__SOURCE DATA__:
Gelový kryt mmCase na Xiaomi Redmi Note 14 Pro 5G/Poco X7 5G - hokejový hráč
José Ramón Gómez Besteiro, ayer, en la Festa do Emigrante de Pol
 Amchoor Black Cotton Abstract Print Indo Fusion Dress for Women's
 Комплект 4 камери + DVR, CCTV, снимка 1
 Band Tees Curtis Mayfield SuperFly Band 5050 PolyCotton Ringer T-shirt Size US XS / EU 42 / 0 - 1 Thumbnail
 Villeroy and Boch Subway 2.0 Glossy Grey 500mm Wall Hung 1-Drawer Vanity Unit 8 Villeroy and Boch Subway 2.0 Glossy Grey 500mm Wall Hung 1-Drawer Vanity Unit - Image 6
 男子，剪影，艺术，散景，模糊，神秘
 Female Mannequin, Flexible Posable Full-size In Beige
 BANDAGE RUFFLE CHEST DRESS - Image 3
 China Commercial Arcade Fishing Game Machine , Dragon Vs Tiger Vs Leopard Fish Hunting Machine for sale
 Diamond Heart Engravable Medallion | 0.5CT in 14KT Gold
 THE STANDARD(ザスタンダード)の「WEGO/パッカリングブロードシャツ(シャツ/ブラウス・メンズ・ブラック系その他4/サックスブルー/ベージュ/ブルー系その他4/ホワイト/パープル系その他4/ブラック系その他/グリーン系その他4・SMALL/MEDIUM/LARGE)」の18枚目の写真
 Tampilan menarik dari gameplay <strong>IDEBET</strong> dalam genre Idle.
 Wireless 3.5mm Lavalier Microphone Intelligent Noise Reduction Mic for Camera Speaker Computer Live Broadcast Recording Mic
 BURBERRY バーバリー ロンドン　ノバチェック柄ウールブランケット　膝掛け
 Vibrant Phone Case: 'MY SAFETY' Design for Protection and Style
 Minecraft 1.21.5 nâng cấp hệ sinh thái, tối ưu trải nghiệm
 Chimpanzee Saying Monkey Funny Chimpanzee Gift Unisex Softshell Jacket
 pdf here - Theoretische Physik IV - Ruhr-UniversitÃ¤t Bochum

__TASK DIRECTIONS__:
Return every record above exactly, line by line.

__RESPONSE BOX__:
Gelový kryt mmCase na Xiaomi Redmi Note 14 Pro 5G/Poco X7 5G - hokejový hráč
José Ramón Gómez Besteiro, ayer, en la Festa do Emigrante de Pol
 Amchoor Black Cotton Abstract Print Indo Fusion Dress for Women's
 Комплект 4 камери + DVR, CCTV, снимка 1
 Band Tees Curtis Mayfield SuperFly Band 5050 PolyCotton Ringer T-shirt Size US XS / EU 42 / 0 - 1 Thumbnail
 Villeroy and Boch Subway 2.0 Glossy Grey 500mm Wall Hung 1-Drawer Vanity Unit 8 Villeroy and Boch Subway 2.0 Glossy Grey 500mm Wall Hung 1-Drawer Vanity Unit - Image 6
 男子，剪影，艺术，散景，模糊，神秘
 Female Mannequin, Flexible Posable Full-size In Beige
 BANDAGE RUFFLE CHEST DRESS - Image 3
 China Commercial Arcade Fishing Game Machine , Dragon Vs Tiger Vs Leopard Fish Hunting Machine for sale
 Diamond Heart Engravable Medallion | 0.5CT in 14KT Gold
 THE STANDARD(ザスタンダード)の「WEGO/パッカリングブロードシャツ(シャツ/ブラウス・メンズ・ブラック系その他4/サックスブルー/ベージュ/ブルー系その他4/ホワイト/パープル系その他4/ブラック系その他/グリーン系その他4・SMALL/MEDIUM/LARGE)」の18枚目の写真
 Tampilan menarik dari gameplay <strong>IDEBET</strong> dalam genre Idle.
 Wireless 3.5mm Lavalier Microphone Intelligent Noise Reduction Mic for Camera Speaker Computer Live Broadcast Recording Mic
 BURBERRY バーバリー ロンドン　ノバチェック柄ウールブランケット　膝掛け
 Vibrant Phone Case: 'MY SAFETY' Design for Protection and Style
 Minecraft 1.21.5 nâng cấp hệ sinh thái, tối ưu trải nghiệm
 Chimpanzee Saying Monkey Funny Chimpanzee Gift Unisex Softshell Jacket
 pdf here - Theoretische Physik IV - Ruhr-UniversitÃ¤t Bochum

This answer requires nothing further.